Undead
- Genre: Role-playing game
- Publisher: Mayfair Games
- Publication date: 1986
- Media type: Print

= Undead (Mayfair Games) =

Role-playing game supplement

Undead is a supplement for fantasy role-playing games published by Mayfair Games in 1986.

==Contents==
Undead is a campaign setting supplement which details the volcanic realm known as Verdaise, which is ruled by the undead. The book presents a collection of new undead monsters, spells, and magic items, as well as details of tactics that undead use in war, as well as an adventure scenario that takes place in Verdaise and is intended for player characters of levels 6-9.

Undead is a supplement which details the campaign setting of the Verdaise region, which is built upon the floor of an enormous caldera of volcanoes, molten lakes, and lava tunnels, ruled by five Lichlords who serve the evil deity Dierguth. This god created the caldera when he blew up the mountain of Elgaard dwarves who had angered him, leaving an inhospitable land for the Lichlords to build undead legions, who conquered their neighboring lands and adding the inhabitants to their undead ranks. 200 dwarven freedom fighters have snuck into Verdaise through the lava tunnels, seeking to reclaim their homeland.

==Publication history==
Undead was written by Laurel Nicholson and John Keefe, with a cover by Michael Whelan, and was published by Mayfair Games in 1986 as an 80-page book. The supplement was part of the Role Aids line.

==Reception==
Undead was reviewed in Dragon #126 (October 1987) by Ken Rolston. He admitted that he was "a bit surprised at how good this supplement turned out. From the title, I envisioned an encyclopedic treatment of the standard undead types of most FRP games [...] with a couple of standard scenarios in which undead lords hide down in deep dungeons, guarded by scads of dead guys, daring bold adventurers to come in after them." Rolston added, "The volcanic terrain on the floor of the caldera [...] makes a unique and colorful campaign setting.
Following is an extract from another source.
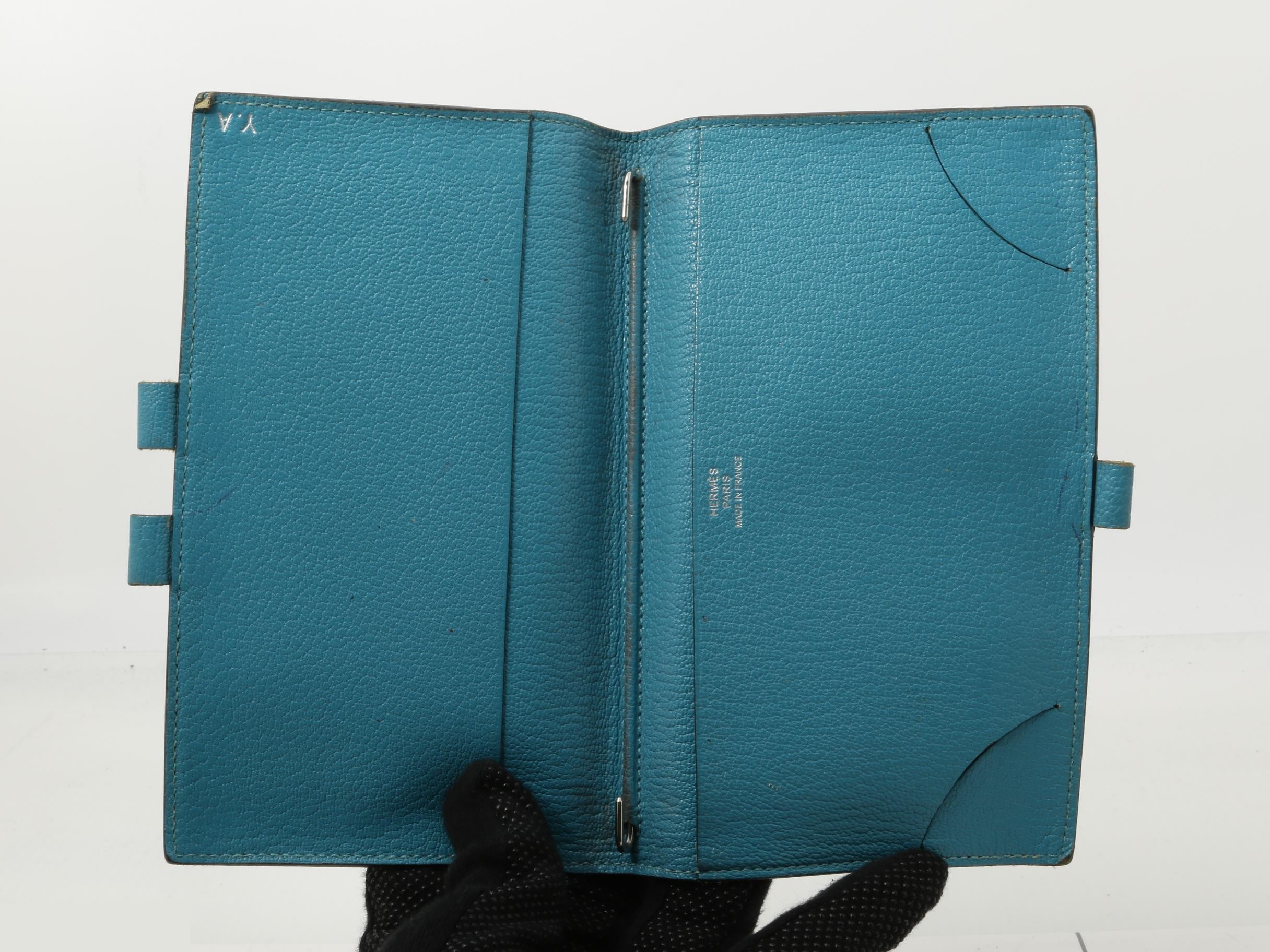 Leather notebook cover with Q stamp — view 4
The dead guys are nicely rendered. The discussion of undead unit tactics is pretty convincing [...] and there are some swell original spells, magical items, monsters, and grand sorcerous rituals that are specially tailored to the atmosphere and gaming elements of a campaign focusing on the undead." He continued: "The adventure is fairly linear, and there's quite a bit of dragging-around-by-the-nose, but this supplement is a good example of the genre. There are plenty of staging hints for hamming up the presentation, and plenty of resources for keeping the action moving and the players busy solving problems, parlaying with NPCs, and bashing dead guys. The final set piece really won my admiration." Rolston concluded his review by saying: "This is a quality AD&D game campaign supplement, comparable to some of TSR's better supplements. The setting is imaginative and fantastic; the dead guys are grim and menacing; there are plenty of neat new magics and monsters; and the adventure, while a bit contrived and manipulative, has some nice bits. The unusual two-color printing looks smart, and the graphic design is first-class. Nicholson and company have done a commendable job in advancing the reputation of Mayfair's modules."

Lawrence Schick in his book Heroic Worlds calls the book "Pretty good."